### EXERCISE
Below are records; the lines starting at the one with "Happy Birthday Octopus Geschenkpapier Set" and ending at the one with "Galeria de parede" must be reproduced exactly, both included. Pictures must not appear.

PROVIDED DATA below:

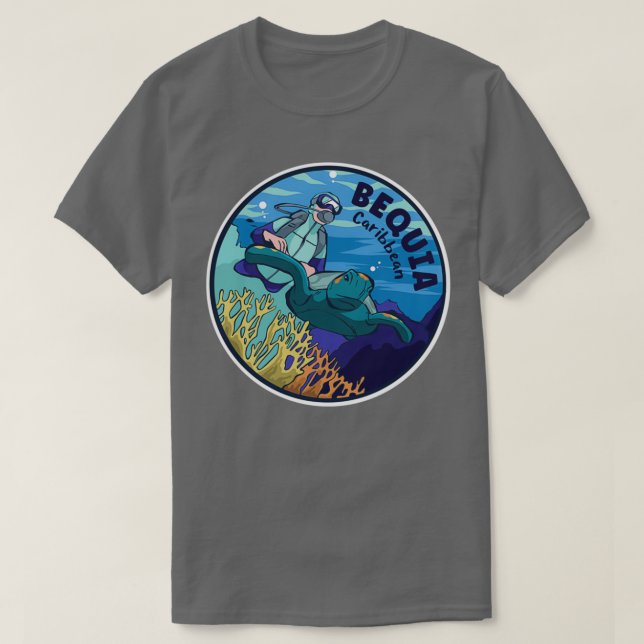 Tauchen in Bequia Karibik T-Shirt (Design vorne)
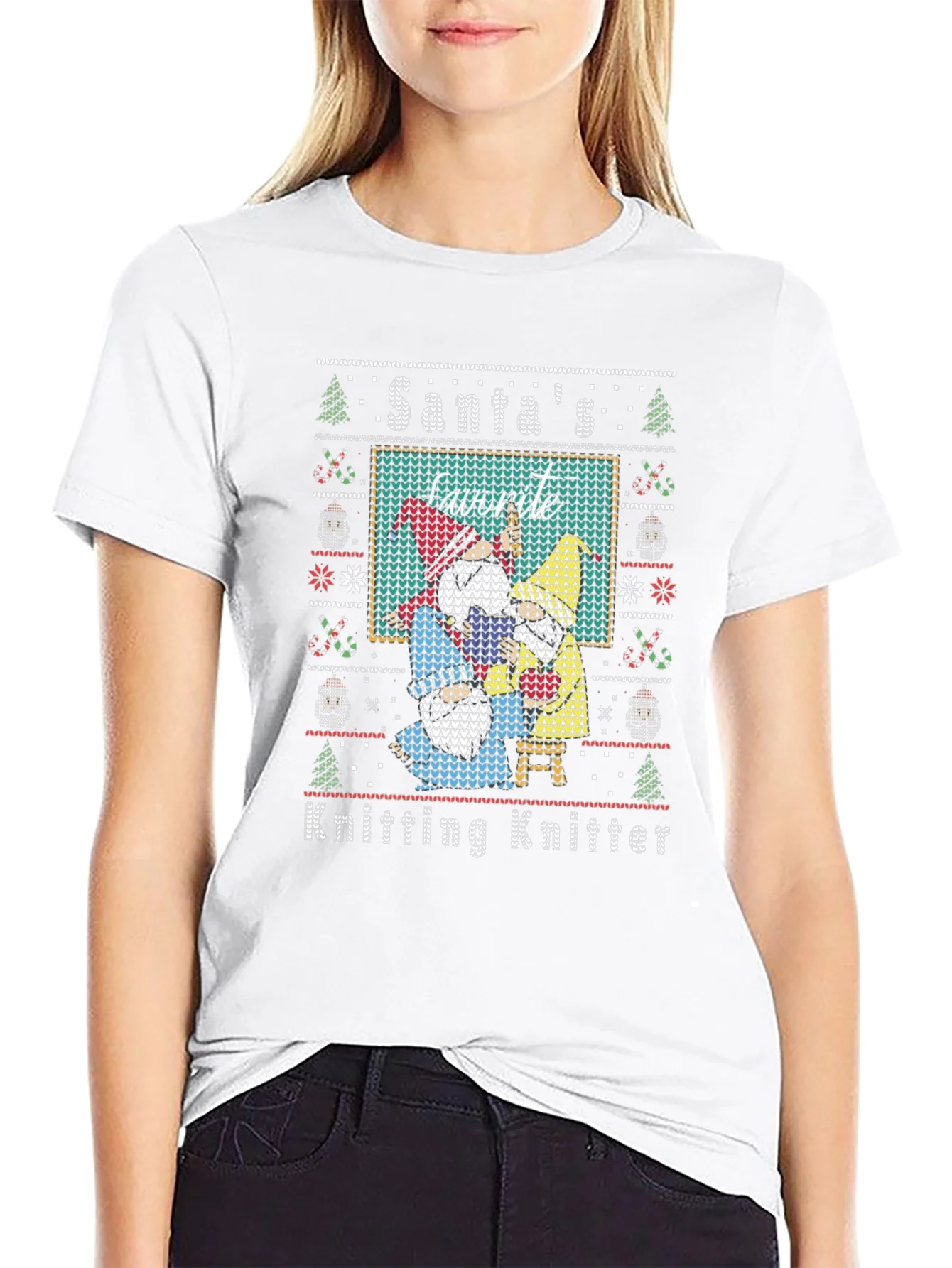 Santas Favorite Knitting Knitter Ugly Christmas T-Shirt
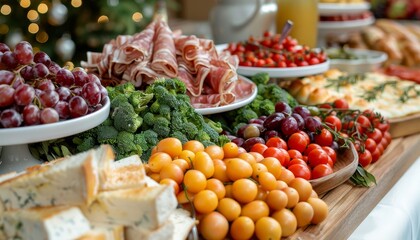 Festive cornucopia assortment with delicious foods. natural light in home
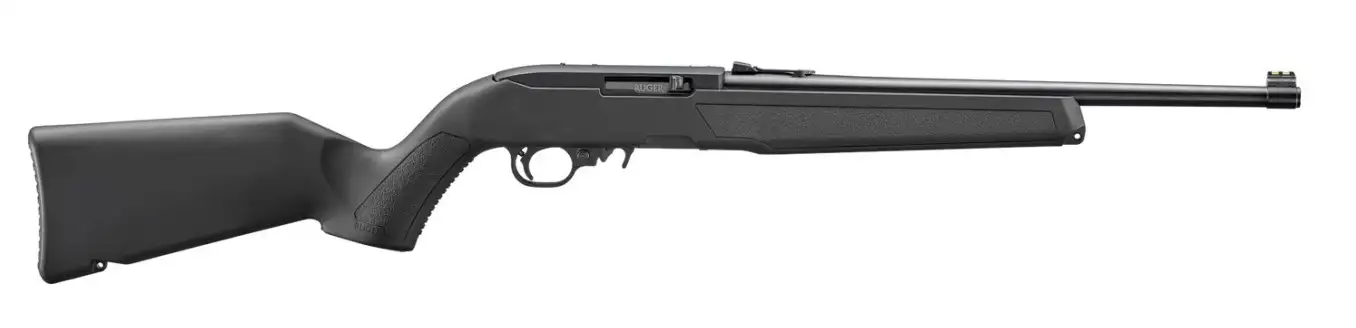 RUGER 10/22 22LR RIFLE 16.12″ BLUED/BLACK SYNTHETIC STOCK FIBER FRONT SIGHT 1-10RD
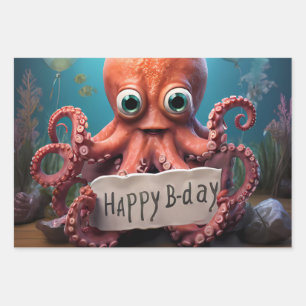 Happy Birthday Octopus Geschenkpapier Set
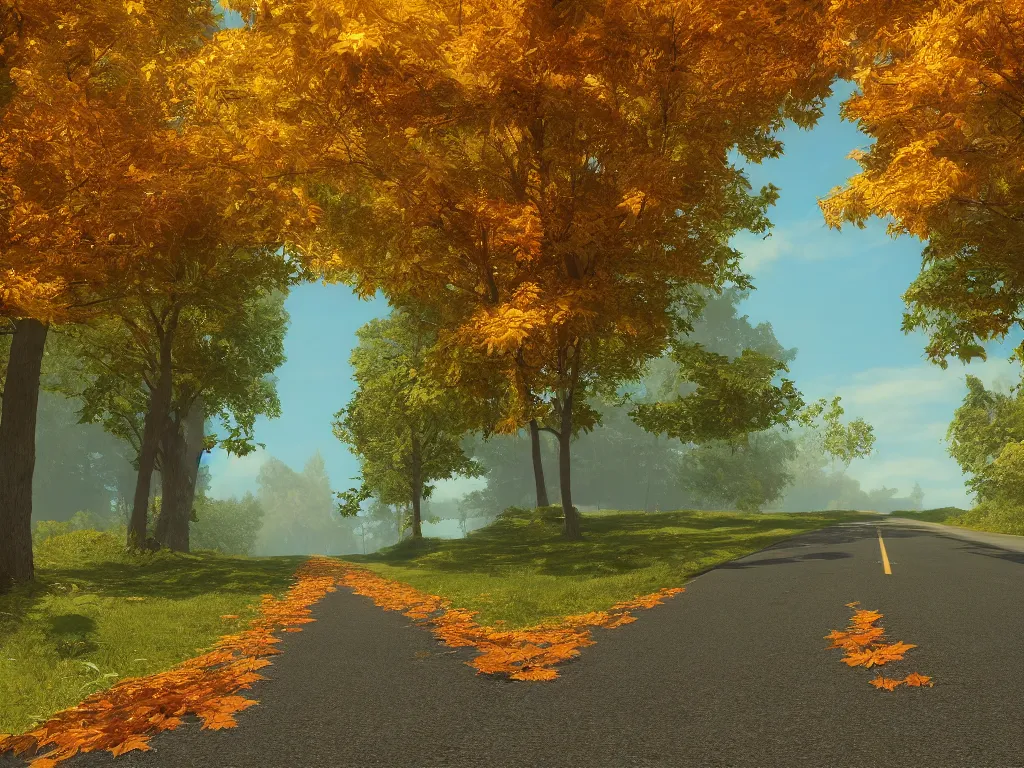 Image similar to Going to the end of the road, there are maple trees on both sides of the road, and maple leaves are floating in the air, Vanishing Point, hdr, ue5, unreal engine 5, cinematic 4k wallpaper, ultra detailed, high resolution, artstation, award winning.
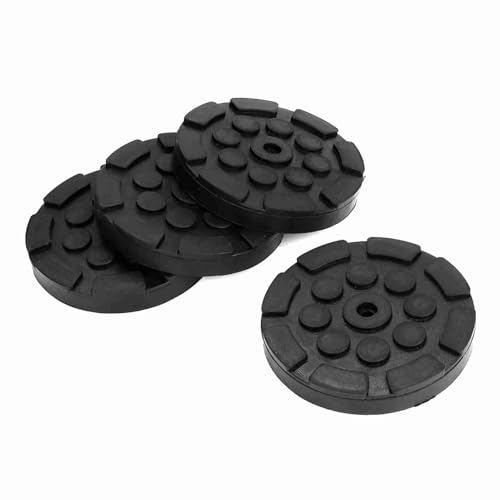 Image of 4 Pcs Universal Rubber Lift Pad for Car Jacking, 120mm Diameter x 15mm Thick Round Adapter with 11mm Center Hole, Compatible with Floor Jacks, Jack Stands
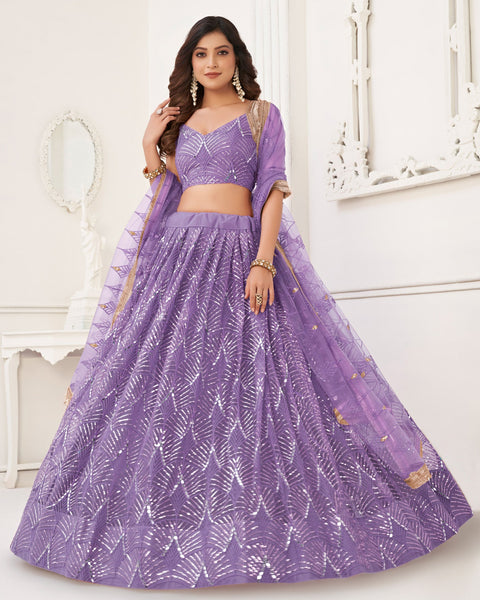 Purple Mirror & Sequins Work Net Lehenga Choli With Embroidered Dupatta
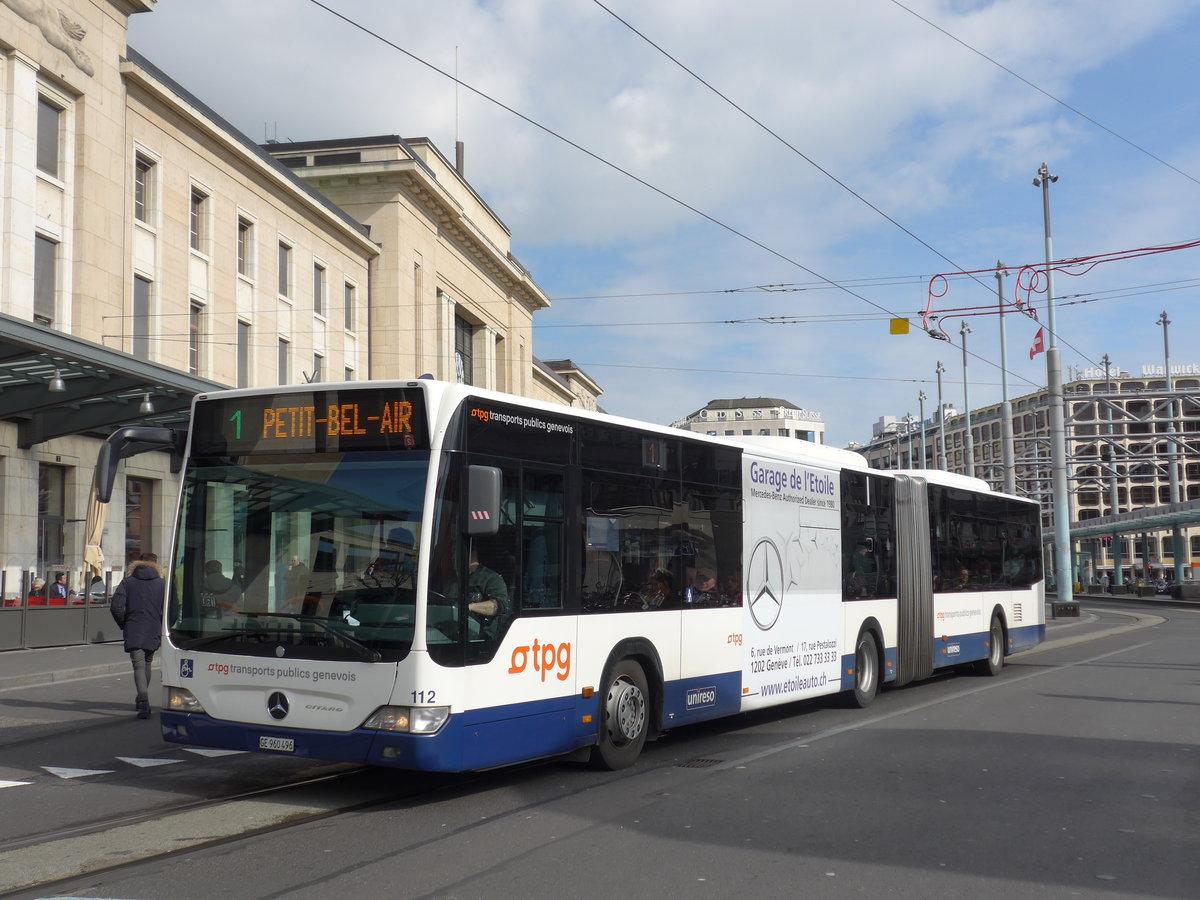 (169'134) - TPG Genve - Nr. 112/GE 960'496 - Mercedes am 7. Mrz 2016 beim Bahnhof Genve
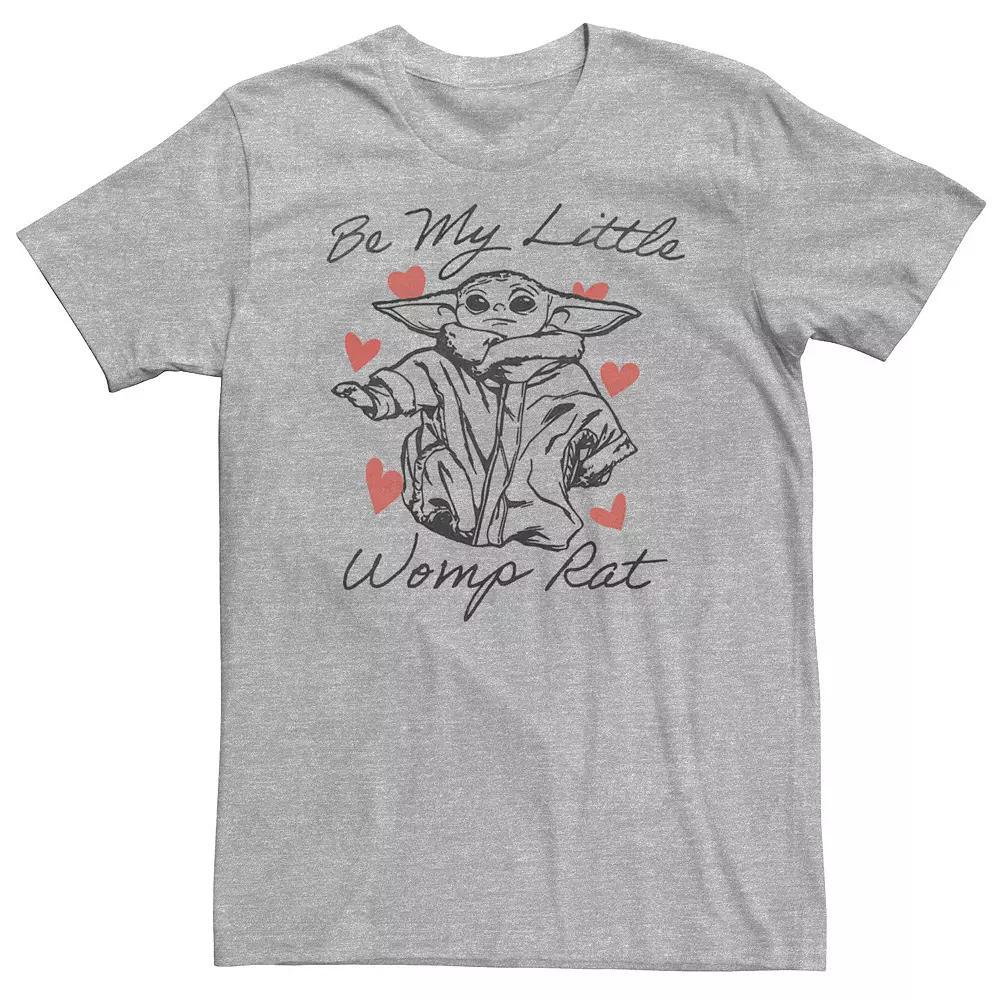 Big & Tall Star Wars: The Mandalorian The Child Valentine's Day "Be My Little Womp Rat" Tee, Men's, Size: 4XL, Athletic Grey Product Image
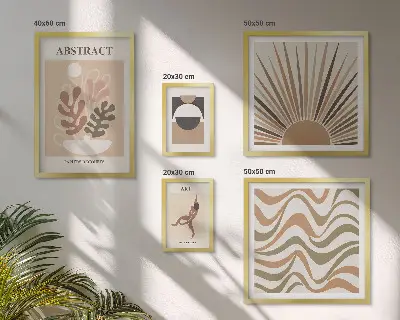 Galeria de parede com abstrações de plantas elegantes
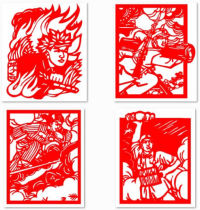 Send 2 pieces of model power anti-Japanese paper-cutting red patriotic martyrs educational heroes window grilles paper-cutting products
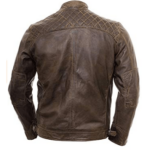 Leather Distressed Men’s Waxed Jacket In Brown - Image 2
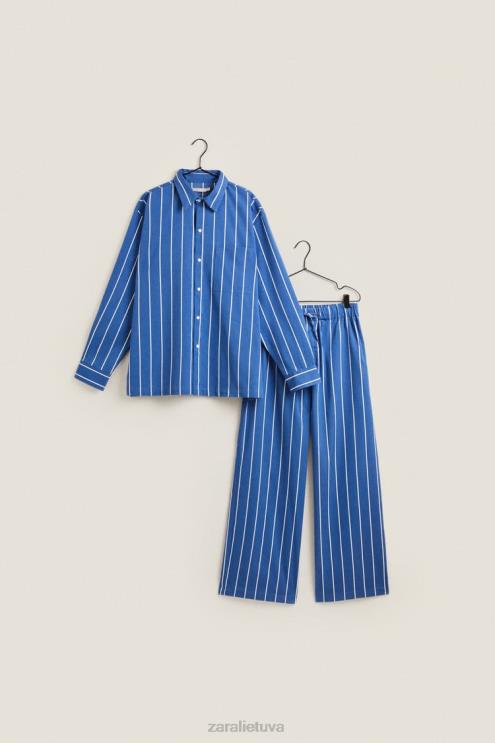 moterys Zara marškinėliai su vertikaliomis juostelėmis mėlyna apranga 4N4881791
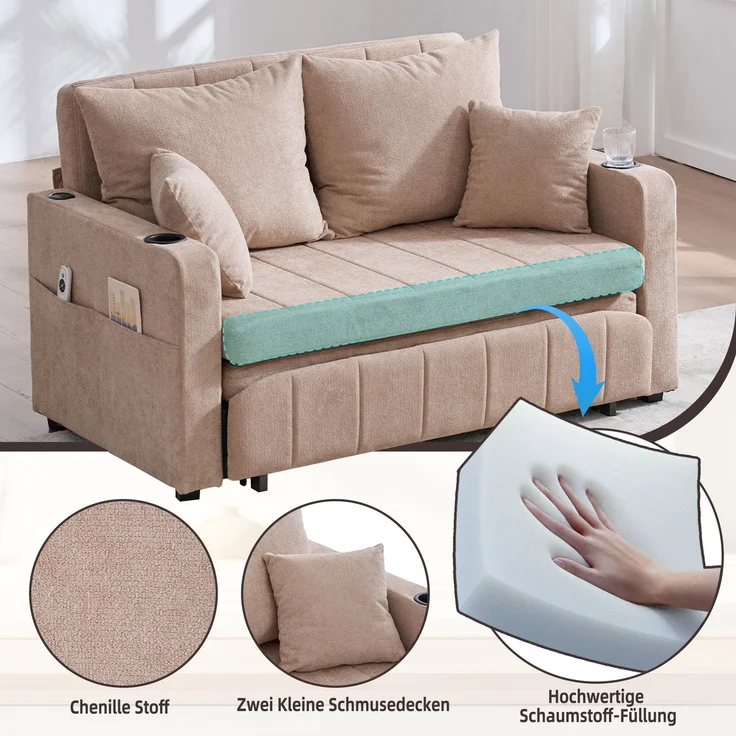 Wohnora-Multifunktionales Stoffsofa, ausziehbares Klappsofa, als Sofa oder Bett nutzbar, mit Aufbewahrungstaschen an den Armlehnen, mit USB-Ladefunktion und Getränkehaltern (khaki, Chenille),H 83cm x T 139cm x B 73cm,khaki – Bild 2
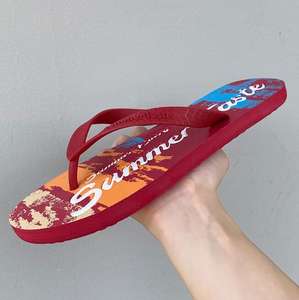 Pantoufles simples pour hommes, vente en gros, chaussures de plage en contreplaqué, marque de mode, tongs - Product Image 5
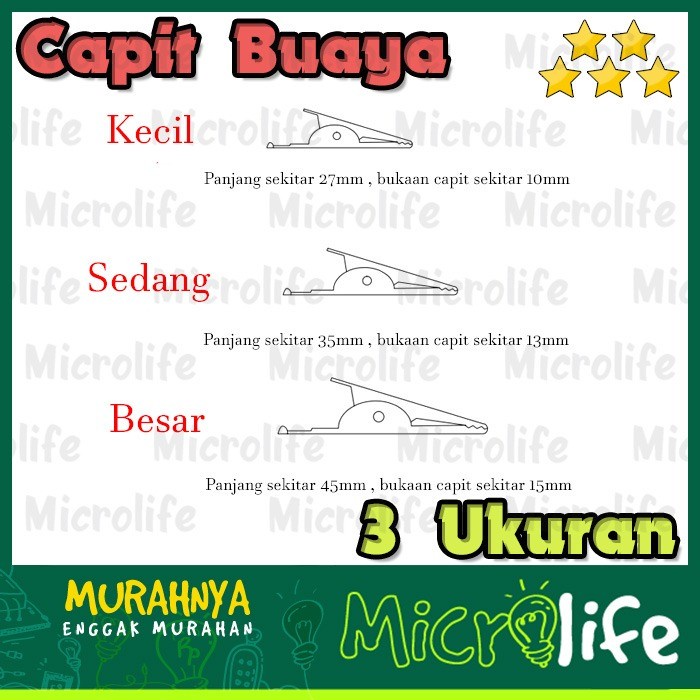 Capit Buaya Alligator Clip Jepit Aki Sepasang Hitam Merah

End of PROVIDED DATA.

### WRITTEN RESPONSE
 Happy Birthday Octopus Geschenkpapier Set
 Image similar to Going to the end of the road, there are maple trees on both sides of the road, and maple leaves are floating in the air, Vanishing Point, hdr, ue5, unreal engine 5, cinematic 4k wallpaper, ultra detailed, high resolution, artstation, award winning.
 Image of 4 Pcs Universal Rubber Lift Pad for Car Jacking, 120mm Diameter x 15mm Thick Round Adapter with 11mm Center Hole, Compatible with Floor Jacks, Jack Stands
 Purple Mirror & Sequins Work Net Lehenga Choli With Embroidered Dupatta
 (169'134) - TPG Genve - Nr. 112/GE 960'496 - Mercedes am 7. Mrz 2016 beim Bahnhof Genve
 Big & Tall Star Wars: The Mandalorian The Child Valentine's Day "Be My Little Womp Rat" Tee, Men's, Size: 4XL, Athletic Grey Product Image
 Galeria de parede com abstrações de plantas elegantes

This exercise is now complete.